Toward the end of last year, I made up my mind that the 2016-17 school year was going to have a big focus on literacy. I of course do a lot with literacy already, but I want to do more. At the close of the year, I talked with my principal about genrefication and the possibility of delaying the opening of our library at the start of the year so that we could get everything organized. To my relief, she was completely on board and even offered ways to support the project.
I’ve wanted to sort the library by genre for a very long time but just wasn’t sure how to make it happen. I started the process at the end of last year by sorting the fiction section. Over the summer, I looked at many other libraries who have done this process as well as attended a webinar with Tiffany Whitehead. During the summer I started listing out my possible genres in nonfiction and everybody.
I also started making a list of materials I would need to get going with the project as soon as we got back to school. This included blank spine label sheets and ultra aggressive label protectors. I debated about ordering genre stickers, but there were categories I wanted to make that weren’t available as stickers. I’m terrible at graphic design, but my wife is super talented at it. She agreed to make all of my stickers. She used Publisher, Open Clip Art, and her own imagination to draw out new labels.
Also during the summer, I met with Courtney Tobin, last year’s library volunteer coordinator, and Janice Flory, this year’s volunteer coordinator, to talk about the genrefication project and the help I would need during preplanning and the first weeks of school.

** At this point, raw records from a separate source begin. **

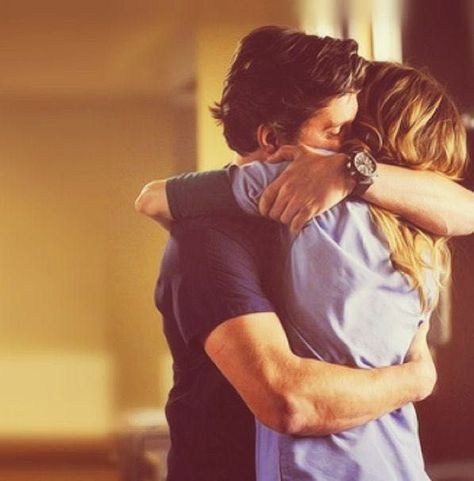 Todos los derechos reservados a sus respectivos autores. Greys Anatomy Derek, Hug Images, People Hugging, Meredith And Derek, Derek Shepherd, Hugging Couple, Grey Anatomy, Patrick Dempsey, Meredith Grey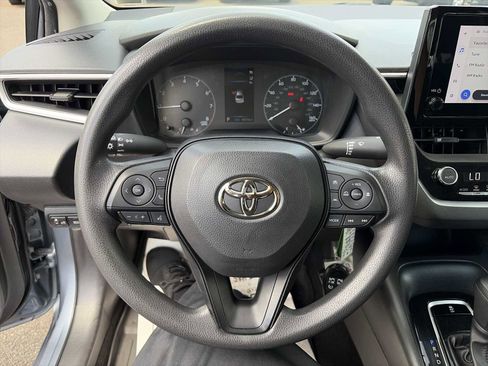 Used 2023 Toyota Corolla LE image 11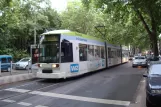 Düsseldorf Straßenbahnlinie 706 mit Niederflurgelenkwagen 2140 am Scnillerplatz (2010)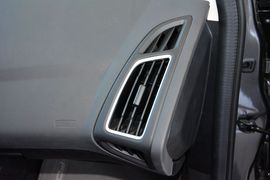 2015款福特福克斯两厢1.6L自动舒适型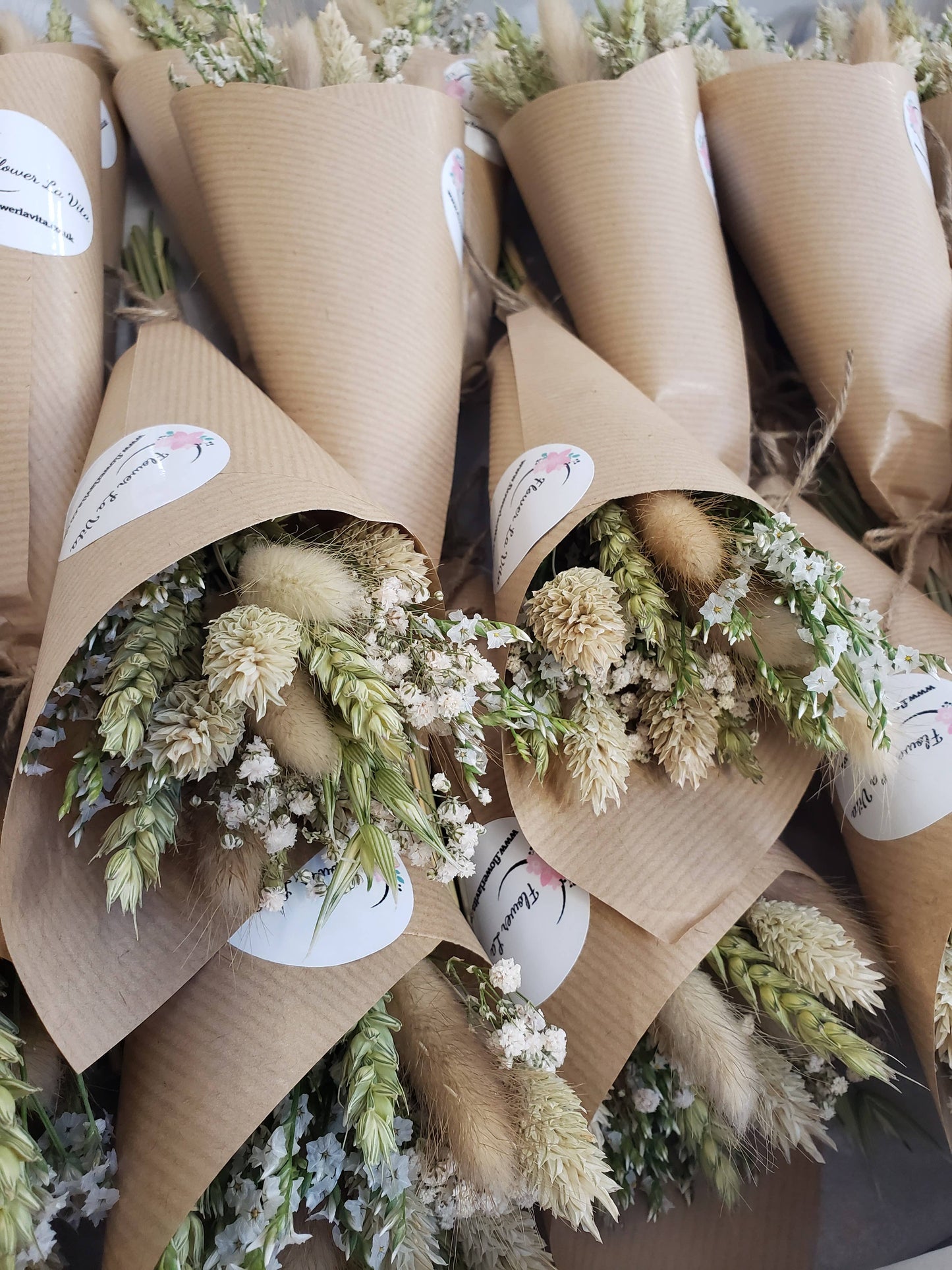 Natural dried flower mini bunches
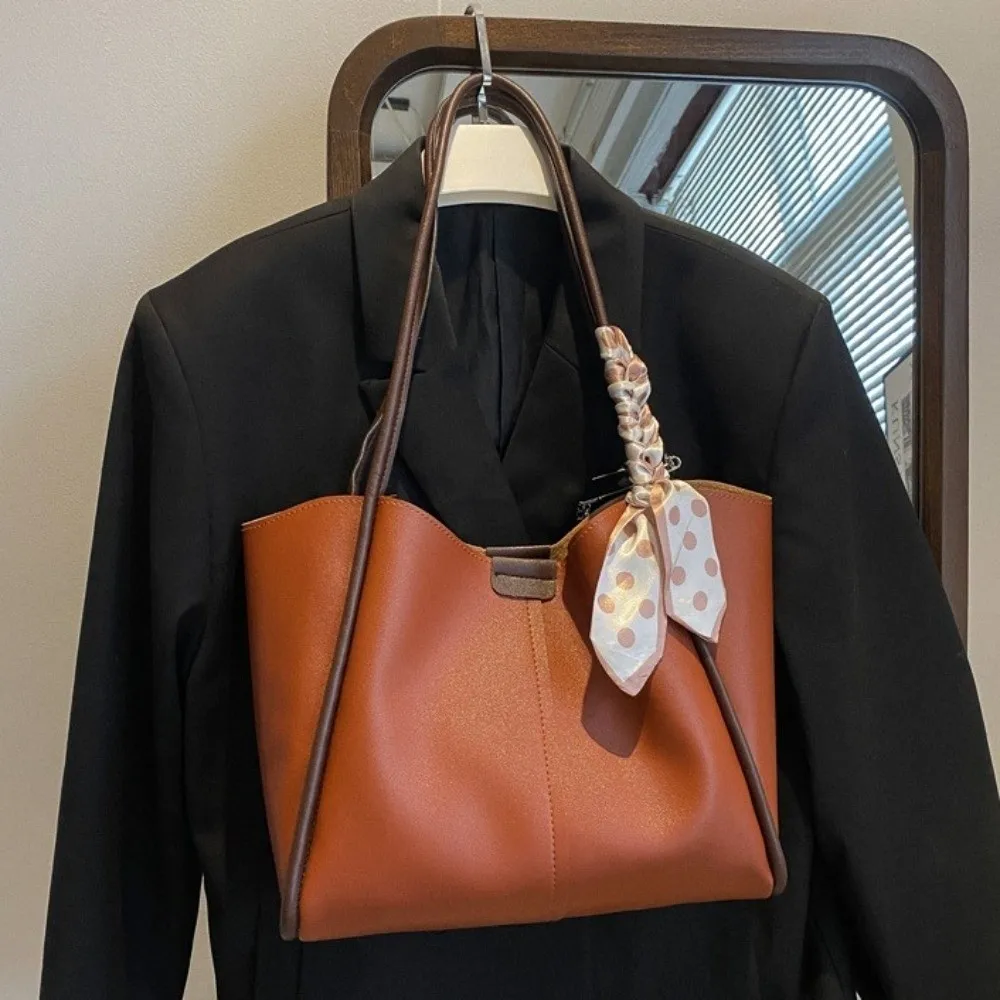 Большая сумка, женская сумка на плечо из искусственной кожи с маленькой сумкой, большая вместительная сумка для шелкового шарфа с ремнями, портативная универсальная сумка из искусственной кожи для подмышек
Большая сумка, женская сумка на плечо из искусственной кожи с маленькой сумкой, большая вместительная сумка для шелкового шарфа с ремнями, портативная универсальная сумка из искусственной кожи для подмышек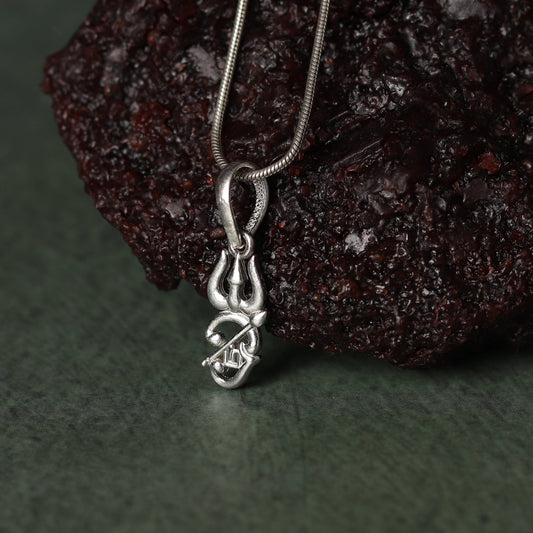 Sterling Silver 92.5 Religious Om Chain Pendant with Box Chain 22 Inches for Men by Akshat Sapphire MPSB7367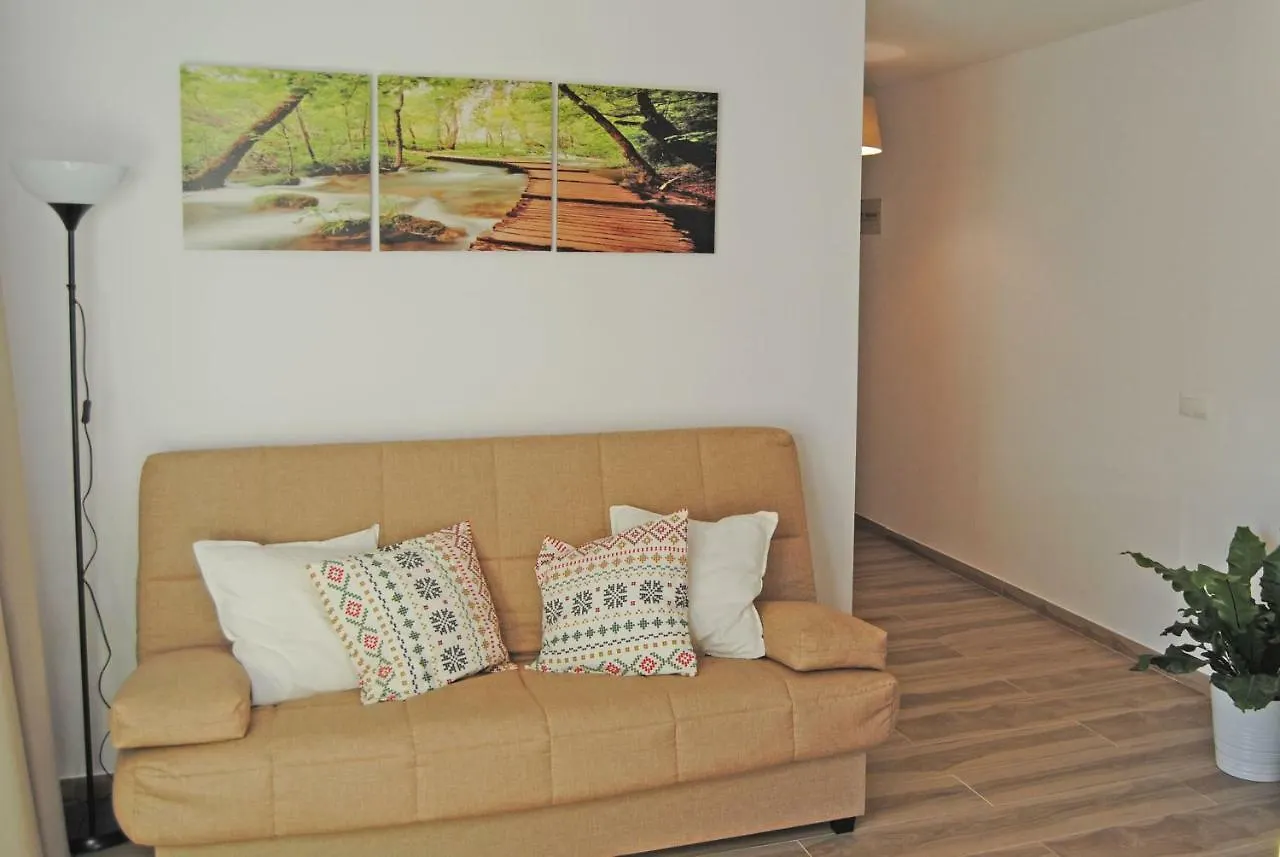 Recently Refurbished Apartment With Sea Views. Fuengirola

Volunteer jobs would be to:
- Scan books into subcategories in Destiny after I sorted them into stacks
- Label each book with a new genre sticker above or below the call number depending on space
- Put the books back into stacks for moving into their new areas
Janice made a Signup Genius for volunteers, and I had between 2-5 volunteers each day during pre-planning and the first week of school.
Since Fiction was already sorted, volunteers started there with scanning and labeling while I continued to sort the Everybody section during pre-planning. Most people know how busy pre-planning is, so the meetings, questions from teachers, and to-do list kept me from keeping ahead of the volunteers. A few of the volunteers felt comfortable assisting me with sorting books, so I released a bit of control to keep moving forward.
Categories changed throughout the process as we saw needs in the collection. The final categories for Fiction included: humor, scary, sports, realistic, historical, fantasy, science fiction, mystery, and adventure. Picture books included: humor, sports, scary, celebrations & seasons, superhero, princess, animals, favorite authors & characters, school, once upon a time, historical, realistic, and transportation. Nonfiction included: animals, makerspace, biography, careers, cooking & food, all about me, language, native americans, dinosaurs, georgia, math, music, folk & fairy tales, transportation, jokes, space, around the world, poetry, religion, sports, ghosts & mysteries, graphic novel, war & military, fun facts, nature, science, mindset, and history.
The process was pretty much the same every day: sort, scan, label, move. Miraculous things happened along the way like 4 district support staff showed up and asked how they could help. While I attended meetings, they scanned most of the Everybody section into categories.
Families dropped by to see how they could help. Parents and kids worked side by side making decisions and taking ownership of their library.
I learned a lot about the collection and just how disorganized the nonfiction section really was. Each time books of similar topics came together it felt good.
I also suddenly felt free of a sequential order of the books and could really think more about where it made sense to place books in the library. For example, our books related to makerspace were able to move right outside the makerspace door.
We faced some road blocks along the way too. Some books were scanned into the wrong sublocations. I caught the mistake when a teacher asked for a book and I couldn’t find it in the section it said it was in. Some sections of the Everybody section had to be rescanned. Some volunteers tried to save the library some resources by cutting the label protectors to smaller sizes on the spines. The label immediately started falling off and getting stuck to the books next to them, so we had to go back through, find them, and add an additional label protector on top.
About every 5 minutes, I went back and forth from thinking this was the best idea ever to asking myself what have I done.
My current road block is where to put all of the books. When every book is here, they don’t fit on the shelves. I know it won’t take long to free up some space, but for now, I’m at least trying to estimate how much shelf space to dedicate to newly established sections with new numbers of books. Thankfully, the mobile shelves allow me to move things around pretty easily to new spaces, but I still have to move books from one shelf to another trying to figure out the best configuration. The library looks pretty disorganized because of this.
Students are getting really excited as they look into the library and see the work going on. Classes are asking how they can come and help. The ultimate question is: “When will the library open?” I’m hopeful to be done within the next week and we’ll host a grand re-opening orientation for each class.
I love our community and how they have come together to support this project. Returning volunteers have stepped up, but we’ve seen new families and new volunteers get involved in the project too. A project of this size takes a village. What I thought would take until almost Labor Day has been done is about 3 weeks. That’s miraculous!